При микроскопическом анализе бактериального пейзажа пищеварительного канала трехсуточных цыплят-бройлеров установлено, что колонизация толстого кишечника произошла тремя основными группами микроорганизмов - лактобактериями, бифидобактериями и бактериями группы кишечной палочки (табл. 1).
Таблица 1
Микробный пейзаж пищеварительного канала трехсуточных цыплят, lg КОЕ/г
| Г руппы бактерий | Контрольная группа | Опытная группа |
| 1 | 2 | 3 |
| в зобе | ||
| Лактобактерии | 1.20±0.08 | 1.21±0.05 |
| Бифидобактерии | не выявлены | не выявлены |
| Бактерии группы кишечной палочки | не выявлены | не выявлены |
| Стафилококки | 0.48±0.01 | 0.48±0.01 |
| Энтерококки | не выявлены | не выявлены |
| Дрожжеподобные грибы | не выявлены | не выявлены |
| Патогенные энтеробактерии | не выявлены | не выявлены |
| в слепых кишках | ||
| Лактобактерии | 4.12±0.3б | 3.91±0.73 |
| Бифидобактерии | 6.57±0.45 | 6.73±0.25 |
Окончание табл. 1
| 1 | 2 | 3 |
| Бактерии группы кишечной палочки | не выявлены | не выявлены |
| Энтерококки | не выявлены | не выявлены |
| Дрожжеподобные грибы | не выявлены | не выявлены |
| Патогенные энтеробактерии | не выявлены | не выявлены |
| в прямой кишке | ||
| Лактобактерии | 5.55±0.05 | 5.60±0.81 |
| Бифидобактерии | 5.42±0.08 | 5.48±0.18 |
| Бактерии группы кишечной палочки, в т.ч. | 6.82±0.22 | 5.67±0.11** |
| гемолитически активные формы | 4.01±0.01 | не выявлены |
| лактозонегативные формы | 5.64±0.34 | не выявлены |
| Стафилококки | единичные | единичные |
| Энтерококки | 3.85±0.10 | 2.78±0.01** |
| Дрожжеподобные грибы | 2.90±0.03 | 2.01±0.01 *** |
| Патогенные энтеробактерии | не выявлены | не выявлены |
Примечание: степень достоверности разницы с контролем: ** р<0.01; *** р<0.001
Просветная микрофлора зоба трехсуточных цыплят была представлена незначительным количеством лактобактерий и стафилококков.

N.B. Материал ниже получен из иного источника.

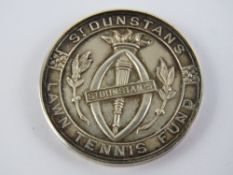 A St Dunstans Lawn Tennis Fund silver medallion dated 1921, hallmarked Birmingham 1921,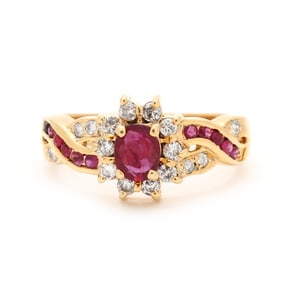 Gold, Ruby, and Diamond Ring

Выпаивание в опытной группе птицы пребиотика с лактулозой увеличивало в прямой кишке интенсивность колонизации лактобактериями на 13%, бифидобактериями - на 11.5% по сравнению с контрольной группой, не получавшей Лактусан. В то же время наибольшее количество бактерий группы кишечной палочки было в содержимом кишечника контрольной группы птиц. Дополнительным высевом культуры из 10-5 разведения на кровяном агаре и среде Эндо содержимого прямой кишки цыплят контрольной группы выявлены гемолитические и лактозонегативные формы, которые по численности составили 6.6% от общего количества бактерий группы кишечной палочки. В содержимом кишечника у цыплят, получавших лактулозу, гемолитические и лактозонегативные бактерии не выявлены. На третьи сутки развития птиц наблюдалось также достаточно интенсивное заселение отделов прямой кишки энтерококками (в основном Str. faecalis и Str. faecium). В содержимом кишечника контрольной группы гемолитических форм оказалось больше, чем в 10 раз по сравнению с содержимым кишки опытных птиц. В прямой кишке обеих групп были обнаружены дрожжеподобные грибы рода Candida. При этом установлено, что лактулоза снижает интенсивность заселения кишки дрожжеподобными грибами в 8 раз. Численность стафилококков в содержимом кишки обеих групп по сравнению со всеми изученными представителями кишечного биоценоза была наименьшей и практически приближалась к нулю.